0

Again I have a question concerning large loops.

Suppose I have a function

limits

def limits(a,b):
  *evaluate integral with upper and lower limits a and b*
  return float result

A and B are simple np.arrays that store my values a and b. Now I want to calculate the integral 300'000^2/2 times because A and B are of the length of 300'000 each and the integral is symmetrical.

In Python I tried several ways like itertools.combinations_with_replacement to create the combinations of A and B and then put them into the integral but that takes huge amount of time and the memory is totally overloaded. Is there any way, for example transferring the loop in another language, to speed this up?

I would like to run the loop

for i in range(len(A)):
  for j in range(len(B)):
    np.histogram(limits(A[i],B[j]))

I think histrogramming the return of limits is desirable in order not to store additional arrays that grow squarely.

From what I read python is not really the best choice for this iterative ansatzes.

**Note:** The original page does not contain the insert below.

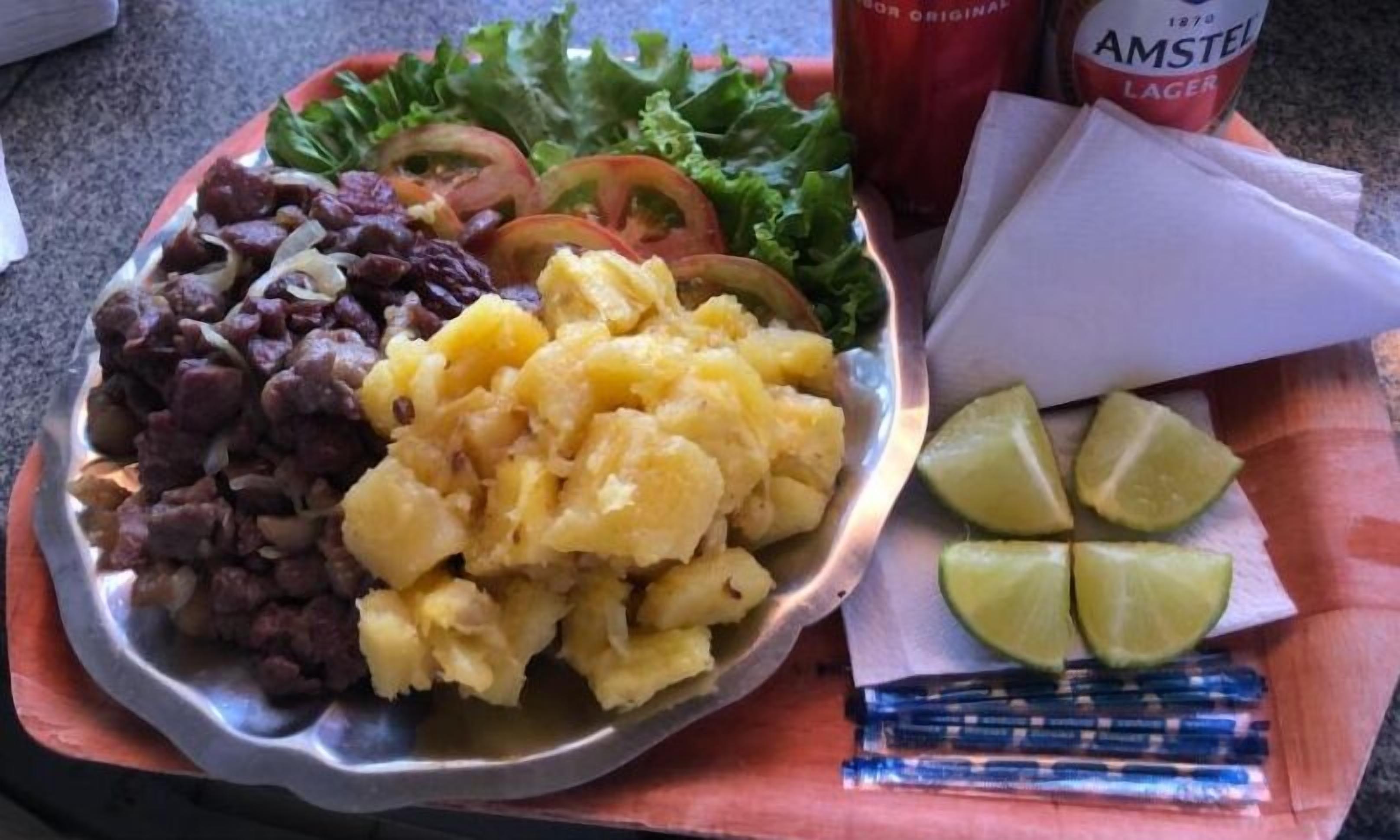 Un repas composé de haricots, de purée de pommes de terre et d’une salade à la tomate et à la laitue, servi dans une assiette en métal.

So would it be reasonable to evaluate this loop in another language within Python, if yes, How to do it. I know there are ways to transfer code, but I have never done it so far.

Thanks for your help.

madzone
  • 195
  • 1
  • 2
  • 9
  • 1
    `itertools.combinations` and friends produce iterators. Usually, you loop directly over those, and not try to expand them in memory (by converting them to a list, for example); you don't need all the intermediary results for random access, do you? – Martijn Pieters Jan 03 '13 at 10:58
  • 300k^2 / 2 = 45 billion. Just porting it to another language won't cut it, you'll need beefy hardware and clever optimizations to even get started. –  Jan 03 '13 at 11:01
  • @MartijnPieters, no I dont need the intermediate results, just the final (histrogrammed) one. delnan, there is a piece of code in C that manages this in 4 hours in total. I would like to be similarly efficient. – madzone Jan 03 '13 at 11:09
  • @madzone: Then don't materialize the result of an iterator into a list; just loop over it and use each result as an intermediary, discarding it again at the end of the loop iteration. – Martijn Pieters Jan 03 '13 at 11:13
  • @MartijnPieters, may I ask you for a short snippet? – madzone Jan 03 '13 at 11:18
  • @madzone: just `for result in itertools.combinations(inputs):` then use `result` in that loop, and don't add it to a list. Do not call `list(tertools.combinations(inputs))` or use it in a list comprehension. – Martijn Pieters Jan 03 '13 at 11:19
  • @MartijnPieters, do you know a good way to use `itertools.combinations` if I want to mix two arrays. I just get it running with `product`. – madzone Jan 03 '13 at 12:41
  • @madzone: I know next to nothing about your problem space, that is way too vague a question for me to answer, and certainly not in comments. – Martijn Pieters Jan 03 '13 at 12:43
  • @MartijnPieters, my bad, the question was definitely too vague. Two arrays A and B with stored floats. I want to combine each element of A with each of B like `itertools.product` does, but get rid of redundant combinations, as my function I use is symmetrical, so `A[1]B[3]` is the same as `B[3]A[1]`. – madzone Jan 03 '13 at 12:48

1 Answers1

0

If you're worried about memory footprint, all you need to do is bin the results as you go in the for loop.

num_bins = 100
bin_upper_limits = np.linspace(-456, 456, num=num_bins-1)
# (last bin has no upper limit, it goes from 456 to infinity)
bin_count = np.zeros(num_bins)
for a in A:
    for b in B:
        if b<a:
             # you said the integral is symmetric, so we can skip these, right?
             continue
        new_result = limits(a,b)
        which_bin = np.digitize([new_result], bin_upper_limits)
        bin_count[which_bin] += 1

So nothing large is saved in memory.

As for speed, I imagine that the overwhelming majority of time is spent evaluating limits(a,b). The looping and binning is plenty fast in this case, even in python. To convince yourself of this, try replacing the line new_result = limits(a,b) with new_result = 234. You'll find that the loop runs very fast. (A few minutes on my computer, much much less than the 4 hour figure you quote.) Python does not loop very fast compared to C, but it doesn't matter in this case.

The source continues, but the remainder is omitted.